Für 2009 vermeldetet der Allgäu-Airport das Erreichen der „schwarzen Null“ im operativen Bereich für 2009. Mehr noch: Mit einem Überschuss von 35000 Euro sei dieses Ziel „klar übertroffen“ worden. Von der Presse wurde das als „Sprung in die Gewinnzone“ (MZ vom 22.5.10) bejubelt. Wir sehen uns zum wiederholten mal veranlasst darauf hinzuweisen, das die „operative schwarze Null“ nichts weiter bedeutet als das gerade die Kosten des laufenden Betriebs gedeckt sind. Alles andere - wie Investitionen oder die Rückzahlung von Krediten - ist in einem solchen Ergebnis nicht erfasst. Insofern ist es schlicht falsch, von der „Gewinnzone“ zu sprechen. Daran ändern auch die 35000 Euro nichts, nicht nur weil die mit 0,43% des Jahresumsatzes gerade mal die Portokasse auffüllen.
Die Betrachtung der Rahmenbedingungen offenbart mittelfristig gewisse Unsicherheiten für die wirtschaftlichen Aussichten am Flughafen Memmingen. Während des Sommerflugplans 2010 entfallen rund 70% aller Linienflüge auf die irische Billiglinie Ryanair, was man nur als Abhängigkeit des Airports von dieser Airline bezeichnen kann. Beste Aussichten für Ryanair, ihre Forderungen, die sich meist auf Gebührensenkungen beziehen, in der bekannt rigiden Art spätestens bei den nächsten Vertragsverhandlungen durchzusetzen. Jeder kann sich vorstellen, was ein Abzug der Iren bedeuten würde.

paule ( Gast )
Beiträge:

07.06.2010 18:42
#2 RE: „Operative schwarze Null“ = Gewinnzone? Zitat · antworten

Frau G. S.-G. fordert heute in einem Beitrag in der Allgäuer Zeitung zu diesem Thema zum "fremdschämen" auf.
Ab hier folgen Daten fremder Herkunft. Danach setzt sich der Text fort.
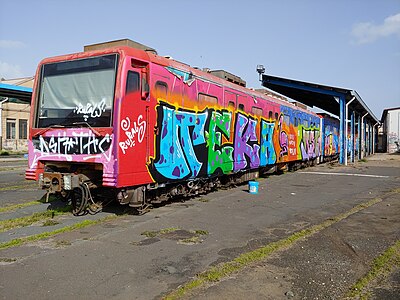 L'elettrotreno FCE M.88.04 (serie M.88.01-08), denominato "Zaira", accantonato presso il deposito locomotive di Catania, 18 gennaio 2023.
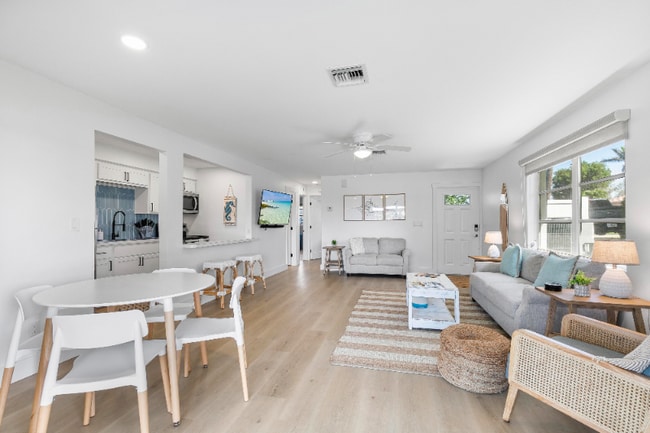 Photo - 174 Trinidad St Unit 174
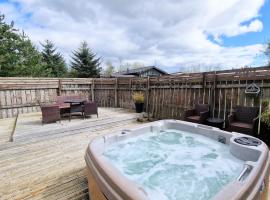 Torridon 1 with Private Hot Tub - Fife - Loch Leven - Lomond Hills- Pet Friendly, hótel í Kelty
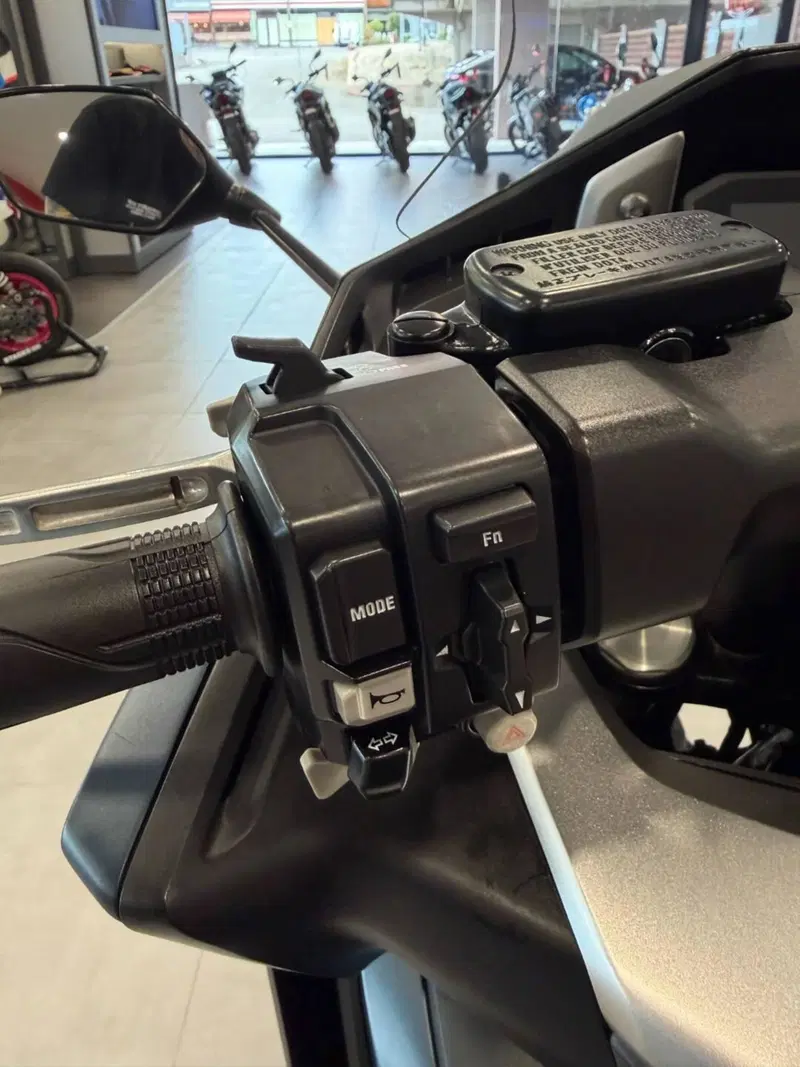 Honda Forza 750 DCT (2021 - 24) (10)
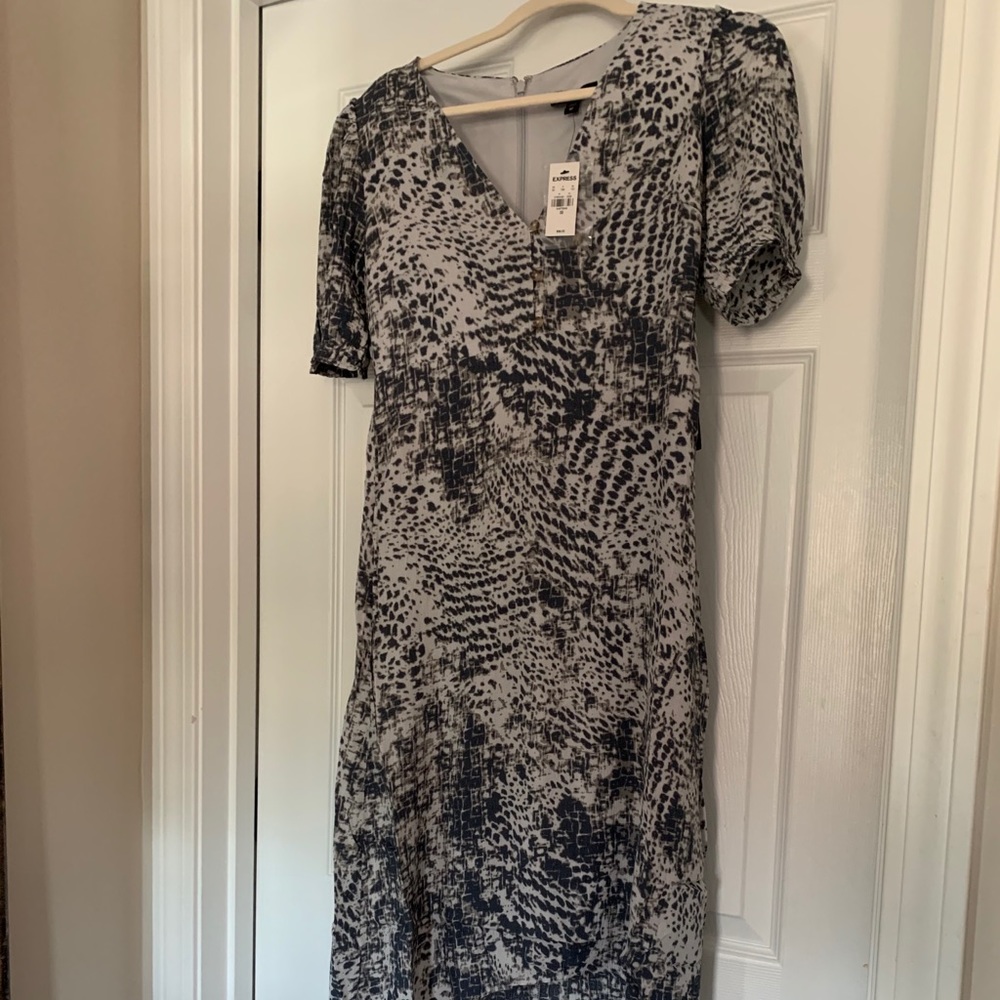 Express dress, maxi hi/low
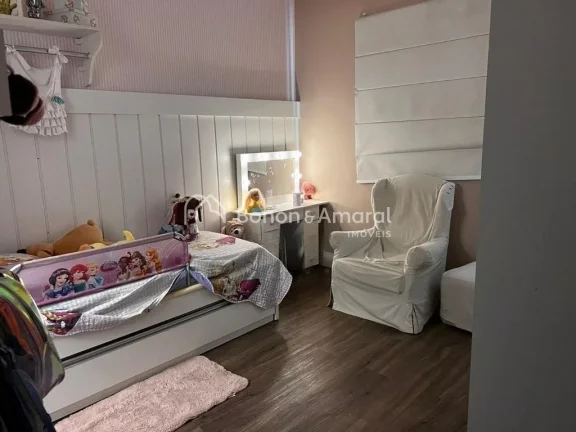 Imagem Localizada no Jardim Lumen Christi, esta casa possui 190m² de área construída e oferece conforto ...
Mir erschließt sich leider nicht, warum ich mich für den Allgäu Airport schämen soll. Dafür, daß dort in kurzer Zeit hunderte von sozialversicherungspflichtige Arbeitsplätze direkt am und um den Flughafen geschaffen wurde? Dafür, daß er innerhalb von 2 Jahren, zumindest im operativen Geschäft, bereits schwarze Zahlen schreibt? Oder dafür, daß eine brachliegende Bundesliegenschaft wieder zum Leben erweckt wurde?
Fremdschämen kann ich mich eher bezüglich den ständigen Unkenrufen und der Schlechtmacherei durch den Verein, der die Frau G. S.-G. vorsteht. Offensichtlich kann und will sie nicht sehen, daß so gut wie alle ihre Befürchtungen und Vorhersagen nicht eingetroffen sind, im Gegenteil.
Und daß ein Flughafen einen Großteil seiner Einnahmen aus der Bewirtschaftung von Parkfächen erwirtschaftet, sollte nicht weiter verwundern. Dies ist an allen Flughäfen so und nur, wer einen Bedarf (an Parkflächen) schafft, kann davon auch den Nutzen ziehen. Daß der Friedrichshafener Flughafen so deutliche Negativzahlen schreibt, liegt mit Sicherheit nicht nur am Allgäu Airport. Andere Flughäfen können trotz Konkurenzen auch steigende Fluggastzahlen vermelden. Eventuell liegt dies auch am Management dieses Airports, daß er so am Bedarf vorbei gewirtschaftet hat.

Tim ( Gast )
Beiträge:

07.06.2010 23:00
#3 RE: „Operative schwarze Null“ = Gewinnzone? Zitat · antworten

ich bin mir auch sicher, dass das negative Ergebnis in FDH nichts mit dem Allgäu Airport zu Tun hat. Man braucht ja nur die Flugziele betrachten, und da fällt auf, das FDH mit seinen stark frequentierten Innerdeutschen Zielen mehr auf Geschäftsreisende zählt. Anders bei FMM: Dort sind viele Ziele für Urlaub oder Städtereisen.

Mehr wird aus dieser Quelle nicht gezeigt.